The youth coach used to hold 6 a.m. workouts inside a Baptist church on City Avenue, where Cloud first learned how to be disciplined in basketball and in life.
“I hope he sees this,” Cloud said Thursday afternoon, while facing a slew of television and phone cameras inside the Alan Horwitz “Sixth Man” Center. “… He set a standard. He set an expectation. And he set a work ethic for my skill set, my career.”
Cloud brings all of that back to Philly on Friday night for the Unrivaled offseason league’s two games at Xfinity Mobile Arena. The 33-year-old Broomall native called it a “dream come true” to help lead the return of professional women’s basketball to her city ahead of the WNBA’s arrival in 2030. Yet Cloud is most elated for “Young Tash,” who has blossomed into a WNBA champion, an 11-year professional, a dynamic personality, and an activist on and off the court.
“I carry this city everywhere I go,” Cloud said following practice for the Phantom, her Unrivaled team. “… I just never thought I would be here, so I think the most gratifying thing is just trusting God’s journey for my life. Doing it my way, too. Because I don’t think a lot of people get to do their careers their way.”

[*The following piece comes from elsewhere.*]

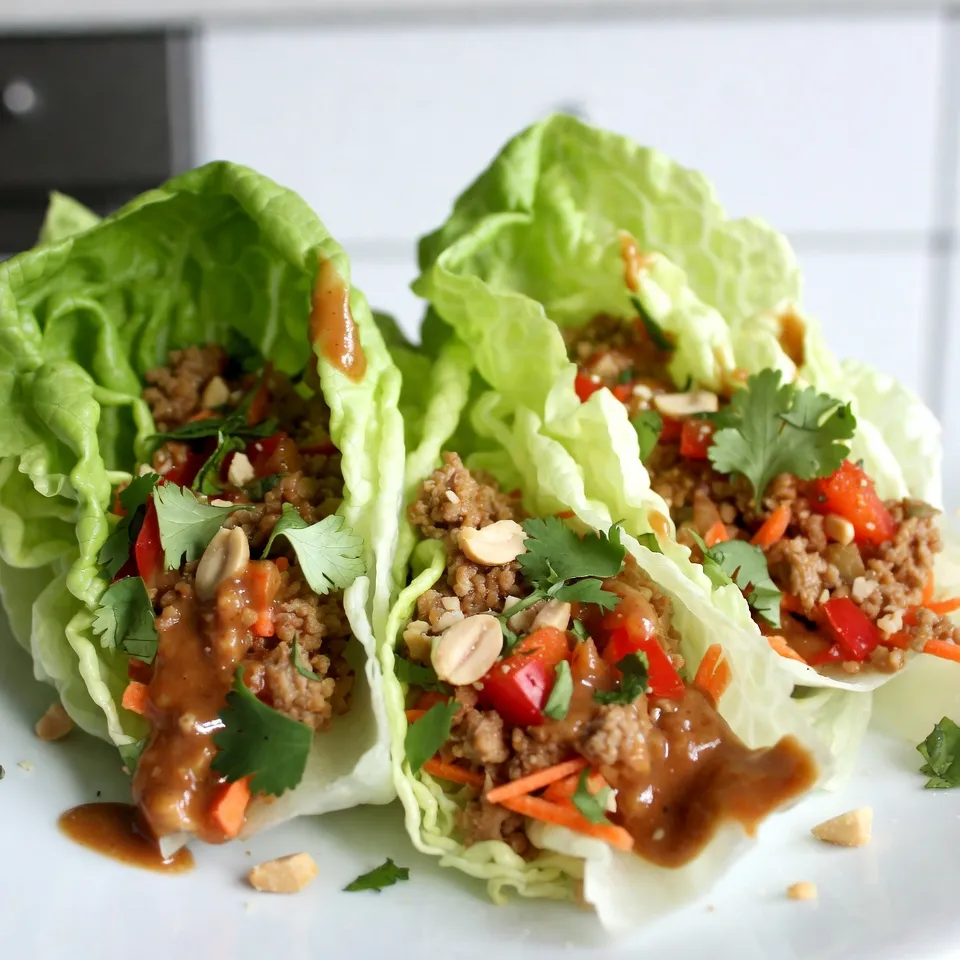 To make Thai Peanut Chicken Lettuce Wraps, you will need: - 1 lb ground chicken - 1 tablespoon sesame oil - 1 red bell pepper, finely diced - 1 large carrot, grated - 2 green onions, finely chopped - 3 cloves garlic, minced - 1 tablespoon fresh ginger, grated - 1/4 cup creamy unsalted peanut butter - 2 tablespoons soy sauce - 1 tablespoon freshly squeezed lime juice - 1 tablespoon honey - 1 teaspoon sriracha (optional) - Salt and freshly ground black pepper to taste - 1 head of butter lettuce or romaine - Fresh cilantro, chopped (for garnish) - Crushed peanuts (for garnish) When you choose produce, look for vibrant colors and firm textures. - For bell peppers, choose ones without wrinkles. They should feel heavy for their size. - Carrots should be bright orange and smooth, with no soft spots. - Green onions should be green and crisp, not wilted or yellowing. - Fresh ginger has a smooth skin and feels firm, which shows it's fresh. If you need a substitute for peanut butter, consider these options: - Almond butter provides a similar texture and flavor. - Sunflower seed butter is a great nut-free choice. - Cashew butter has a mild taste and creamy texture. - If allergies are a concern, tahini works well too. It adds a nice nutty flavor. These alternatives can help you create a tasty meal while meeting your dietary needs. {{ingredient_image_2}} Start by heating a large skillet over medium heat. Add one tablespoon of sesame oil and let it shimmer. Then, add one pound of ground chicken to the skillet. Break it apart with a wooden spoon. Cook the chicken for about 5 to 7 minutes. Make sure it turns white and is fully cooked. Next, add three minced cloves of garlic, one tablespoon of grated ginger, one finely diced red bell pepper, and one grated carrot to the skillet. Stir everything together and cook for another 3 to 4 minutes. The veggies should soften but still have a nice crunch. In a small bowl, combine 1/4 cup of creamy peanut butter, 2 tablespoons of soy sauce, 1 tablespoon of freshly squeezed lime juice, 1 tablespoon of honey, and 1 teaspoon of sriracha if you like it spicy. Whisk these ingredients together until the sauce is smooth and creamy. This sauce brings a lot of flavor to your chicken mixture. Once your chicken mixture is ready, pour the peanut sauce over it. Stir well to coat everything evenly. Cook for another 2 to 3 minutes, allowing all the flavors to meld together. Now, take a head of butter lettuce or romaine and carefully separate the leaves. To serve, scoop a generous portion of the chicken mixture onto a lettuce leaf. Top it with chopped cilantro and crushed peanuts for extra crunch. Fold the sides of the leaf over the filling and enjoy your delicious wraps! To make your Thai Peanut Chicken Lettuce Wraps shine, focus on balance. The sweet and salty peanut sauce pairs perfectly with the crunchy veggies. Use fresh lime juice to brighten the flavors. If you like heat, add sriracha. Just a bit will make a big impact. You can also mix in fresh herbs like basil or mint for extra flavor. One common mistake is overcooking the chicken. This can make it dry. Cook it just until it is no longer pink. Another mistake is adding too much sauce at once. Start by adding half the sauce, then taste. You can always add more if needed. Lastly, don’t skip the garnishes. Crushed peanuts and cilantro give your wraps that extra pop. Presentation is key for these wraps. Use a colorful platter to display your filled lettuce wraps. Arrange them neatly, and consider garnishing with extra cilantro leaves and whole peanuts. This adds color and makes the dish inviting. You can even serve lime wedges on the side. This gives guests a chance to add more zest. Pro Tips Use Fresh Ingredients: Fresh vegetables and herbs elevate the flavor of your wraps. Look for vibrant, crisp produce to enhance the dish. Customize Your Heat: Adjust the amount of sriracha in the peanut sauce according to your spice preference. You can also replace it with chili flakes for a different flavor profile. Make Ahead: Prepare the chicken mixture and the peanut sauce ahead of time. Store them separately in the refrigerator, and assemble just before serving for the best texture. Experiment with Wraps: While butter lettuce is great, try other leafy greens like Swiss chard or collard greens for a unique twist and added nutrients. {{image_4}} You can make a tasty vegetarian version by using tofu instead of chicken. Start with firm tofu. Press it to remove water, then crumble it into small pieces. Cook it in sesame oil just like the chicken. Add garlic, ginger, red bell pepper, and carrot. Mix in the peanut sauce to coat the tofu. This version is rich in protein and perfect for vegetarians. If you want a low-carb option, swap lettuce for other greens. You can use cabbage leaves or collard greens. These greens are sturdy and can hold the filling well. They add a nice crunch and flavor. Just prepare the filling as you normally would and use the greens to wrap it up. Adding extra veggies boosts flavor and texture. Consider tossing in some shredded cabbage or julienned cucumbers. You can also try diced radishes or sliced bell peppers. These add color and a fresh crunch. Mix them into the chicken or tofu filling before serving. Your wraps will be even more exciting with these additions. After enjoying your Thai peanut chicken lettuce wraps, store any leftovers in an airtight container. Keep the chicken mixture separate from the lettuce leaves. This way, the lettuce stays crisp and fresh. Place the chicken mixture in the fridge. It will stay good for up to three days. Remember to let the chicken cool to room temperature before sealing it. When you're ready to eat the leftover chicken mixture, heat it in a skillet over medium heat. Stir it often so it warms evenly. This should take about five to seven minutes. You can also use a microwave. Just place the chicken in a microwave-safe bowl. Heat in 30-second bursts, stirring in between, until hot. Avoid reheating the lettuce. It’s best fresh! If you want to save the chicken mixture for later, freezing is a great option. Cool the mixture completely. Then, transfer it to a freezer-safe bag or container. Squeeze out the air to prevent freezer burn. It can last in the freezer for up to three months. When you're ready to use it, thaw it overnight in the fridge. Then, reheat as mentioned above. Enjoy your tasty wraps anytime! If you want a different protein, try ground turkey or beef. You can also use tofu for a vegetarian option. It gives a nice texture and absorbs the flavors well. To add heat, use more sriracha in the sauce. You can also add chopped fresh chili peppers or red pepper flakes. Adjust the spice to fit your taste. Yes, you can make the filling ahead of time. Just store it in an airtight container in the fridge for up to three days. This makes meal prep easy and quick. This article covered the key ingredients and steps to make tasty lettuce wraps. You learned how to choose fresh produce and alternatives for peanut butter. We explored tips for flavor and common mistakes to avoid, along with creative presentation ideas. You also saw variations for dietary needs, storage info, and FAQs. Making these wraps can be easy and fun. Enjoy your tasty creations and feel free to get creative!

Before Mr. Ross, Cloud credits her Aunt Dawn as one of her first sports role models. A Delaware County basketball and softball star, she helped Cloud embrace being a tomboy — and a “powerful, badass woman.”
So Cloud honed that athleticism on the basketball hoop on the side of her home, which became a neighborhood gathering spot on school half-days. She played King — nah, Queen — of the Court against the boys. They lowered the rim so they could dunk. They idolized Allen Iverson and Dawn Staley.
When Linus McGinty, the legendary Cardinal O’Hara girls’ basketball coach, first watched Cloud play as an eighth grader, he believed she had WNBA potential because “she could do everything.” And Cloud wanted to play for that program because, in her words, “in Linus we trust.”
Cloud also appreciated O’Hara’s structure, from the nuns on campus to McGinty’s “strict” practices. She became an immediate starter on a talented team immersed in the competitive Philadelphia Catholic League.
New York Liberty player Natasha Cloud dances while standing with other officials during an announcement about the Unrivaled Women’s Basketball League 2026 Philly tour stop.
McGinty’s one gripe about Cloud? She was almost too unselfish as the point guard.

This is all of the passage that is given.